06-10-2017 | Brenda Rodríguez López
The years that followed the global crisis were decisive for the professionals of today, especially for those young generations that were just entering the labor market. Creativity, ingenuity and astuteness became their most valuable allies, because to play in that uncertain work scenario, it was necessary to establish new rules. Freelance, occasional workers, sporadic collaborators, professional cooperatives,... People now play different and alternative roles compared to the traditional ones. The work has gone from being stable and strict, to becoming sporadic and flexible. The gig economy is disembarking at the port of the working world. Are we ready for its arrival?
Constantly looking for new performances, moving with instruments and the equipment on their backs, maintaining and establishing contacts with showrooms and performers, attending auditions,... Earning a living by working as a musician is not an easy task. Neither it was, in the golden 1920s. American jazz performers who did not have a steady job, were forced 'to jump from one gig to other' to try gathering a salary. In many occasions, these musicians were hired to act along with other interpreters of a band, although just occasionally. This practice was called 'gigging', a word that would give rise to what we know today as gig economy.
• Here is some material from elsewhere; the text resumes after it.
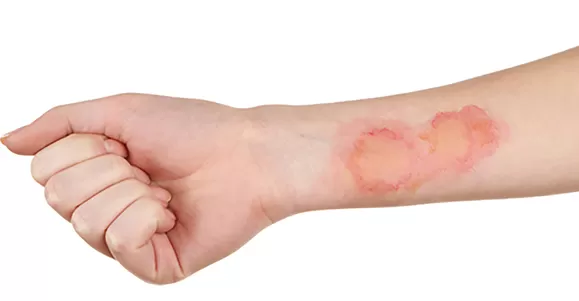 Application of Hydrocolloid Dressing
This is the new work modality which is characterized –like the activity of both today and yesterday's musicians–by the temporality, independence and specialization of the professionals who exercise it .
Working from a coffee shop taking an espresso, deciding when and how to start a project, having a working day only for a few hours, deactivating the clock alarm, working with different teams and in different companies, choosing customers or becoming the boss himself/herself. These are the particularities of the work of an increasing number of professionals. It seems an ideal working model, but like the popular phrase says:
The gig economy grows alongside the collaborative culture and is driven by the proliferation of digital platforms like Uber, Deliveroo or Freelancer. The crisis was its breeding ground. Professionals and entrepreneurs decided to combat the economic recession with ingenuity; developing new digital platforms, exploring other work alternatives, offering their services as freelancers, or, even, exchanging their job services for the ones from other professionals. Nowadays, drivers, delivery people, journalists, translators, photographers, carpenters, musicians, graphic designers, software developers or programmers are just an example of some of the workers who join to the 'gig' phenomenon.
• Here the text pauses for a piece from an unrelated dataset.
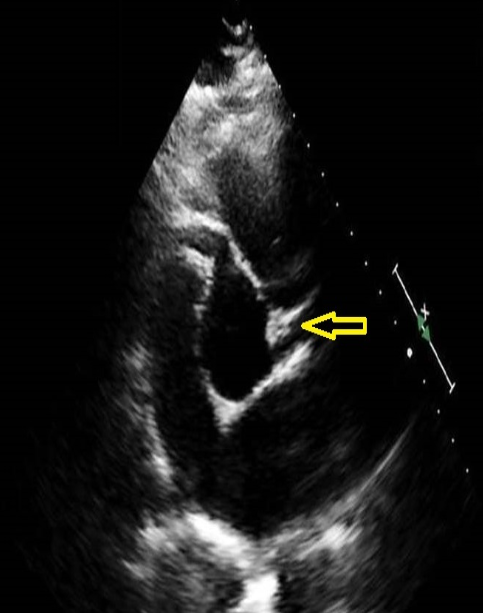 <p>color doppler is applied over the vessel indicated with the arrow. The map demonstrates flow away as blue. what color will fill the the vessel during diastole? </p>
The services for which these professionals are hired are temporary, but they are also characterized by their high degree of specialization. Temporality was common in artistic sectors, seasonal jobs and works related to the construction world. However, job instability has also contributed to other professionals with a high educational background adopting this trend. Increasingly, engineers, lawyers, architects or journalists choose to work by projects and independently, because the incomes they get are high, because they have greater flexibility, to overcome obstacles that they find in their traditional sector or as a complement to their wage. Is this the beginning of a new paradigm of professionalization?
The media launches headlines about collaborative economy, struggles between traditional sectors and new platforms or attractive digital companies, they barely mention the arrival of a new labor paradigm that the sharing culture brings about, the gig economy. However, 72% of Spanish Human Resources directors believe that the 'gig' or 'sporadic' economy will prevail in the future, according to an Oracle study. In fact, 46% of them point out that it is already a widespread practice to hire independent professionals to perform highly qualified tasks.
They are not the only ones who think that this new paradigm is beginning to take force in the workplace and can mean a significant change in the work model. A survey carried out by Mckinsey Global Institute in the United States, France, Germany, Spain, Sweden and the United Kingdom indicates that between 20% and 30% of the population of these countries is composed by independent workers –freelancers or temporary workers–. According to this report, government agencies often lower the figures because they do not take into account the percentage of workers who use these formulas as a complement to their usual incomes.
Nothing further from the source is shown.